Amavo la fotografia e volevo conoscere i grandi fotografi, fare domande, vederli lavorare. L’unico modo era intervistarli per conto di una rivista. Ci sono riuscito e ho scoperto il piacere di scrivere. Sono quindi state le immagini a farmi amare la scrittura.
Fare il copywriter mi è sembrata una strada naturale. Era un periodo effervescente: le agenzie si sfidavano a colpi di creatività e io arricchivo il mio scrivere di nuovi strumenti per promuovere marche e prodotti, introducendo anche ironia e comicità senza alcun pudore (ho scritto per dieci anni la pubblicità di Smemoranda).
Lavoravo felice come giornalista e copywriter quando nel 1990 la curiosità per i “new media” mi ha portato negli Stati Uniti.

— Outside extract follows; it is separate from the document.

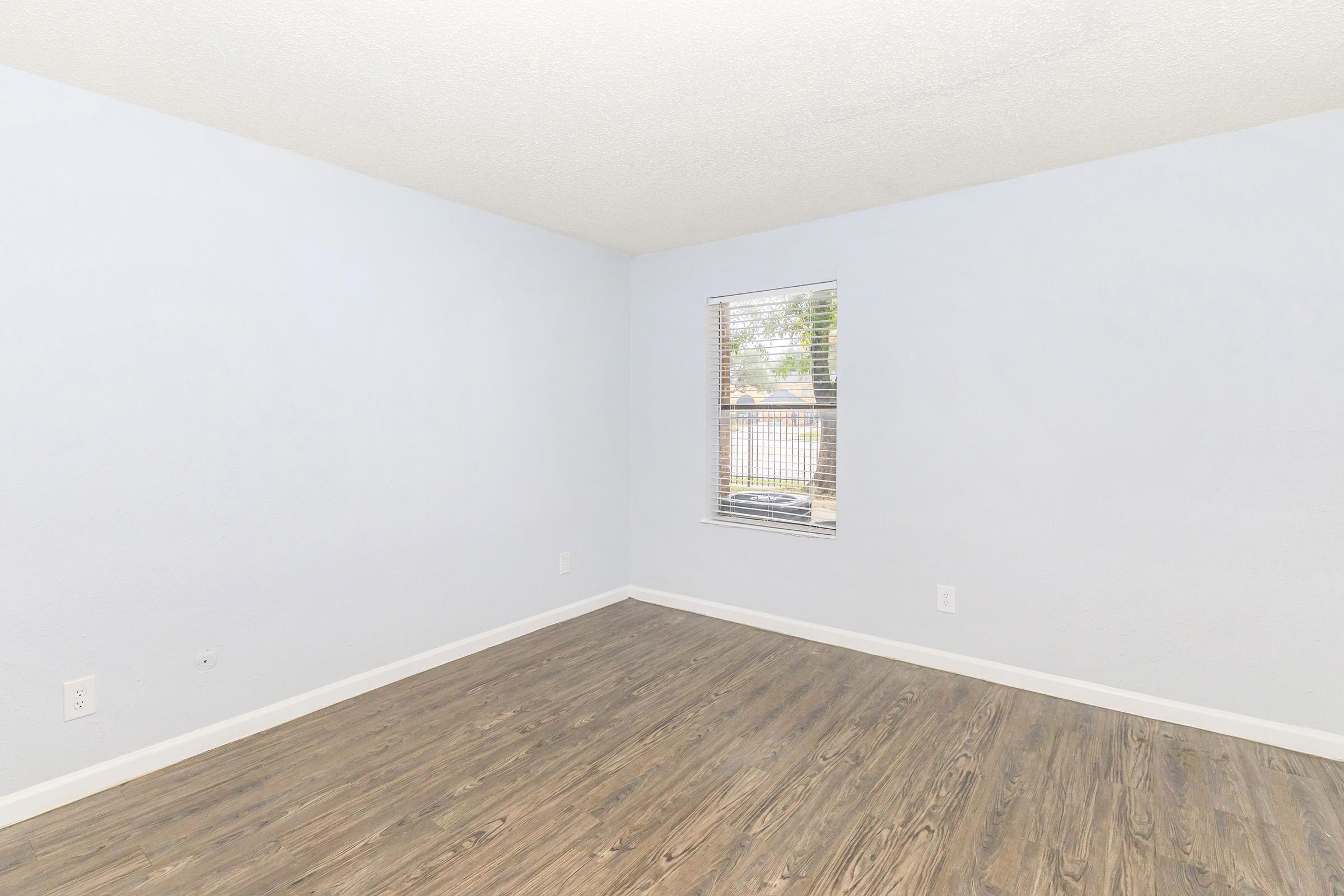 A light blue room with wooden flooring and a single window. The walls are painted a soft blue, and the room appears empty, providing a spacious and inviting atmosphere. Natural light enters through the window, enhancing the bright and airy feel of the space.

Mi ero messo in mente di presentare un progetto per il primo ricettario digitale interattivo mondiale (ricette di pasta of course). Incredibilmente l’American Interactive Media lo approvò, lo finanziò e cominciammo a lavorare su qualcosa di cui non c’erano esempi. Si inventava. E le novità sfornate si consumavano ancora calde.
Mi sono portato a casa un’esperienza pratica nell’organizzazione dei contenuti digitali e le basi di una disciplina che avrebbe preso il nome di Architettura dell’Informazione. Il web fu l’evoluzione di quel mondo e io c’ero dentro.
Le mie attività nella comunicazione “classica” e in quella digitale erano sentieri paralleli che alla fine si sono incontrati per aiutare enti e aziende a muoversi nella complessità dei nuovi territori dove il confine fra fisico e digitale si confonde.
Seguivo bei progetti in diversi settori e con diversi media, quando è arrivata una proposta inattesa e una parentesi di 6 anni come responsabile della Comunicazione dell’Università degli Studi di Milano. Un’esperienza complessa e appassionante dove tutto ciò che avevo imparato è stato messo a frutto per costruire la nuova comunicazione dell’Ateneo.
C’è da dire ancora di un’attività che amo molto: scrivere biografie e raccontare storie aziendali, spesso in occasione di grandi anniversari come i 75 anni di GSK, i 100 di Saiwa e di Mondadori, i 125 di Coca-Cola o i 200 del Gruppo Larderello. Ci lavoro con piacere e con cura perché sono storie che muovono le emozioni e rendono memorabili le persone e le marche.
Molta strada, molte esperienze per aiutare le persone e le imprese a comunicare meglio.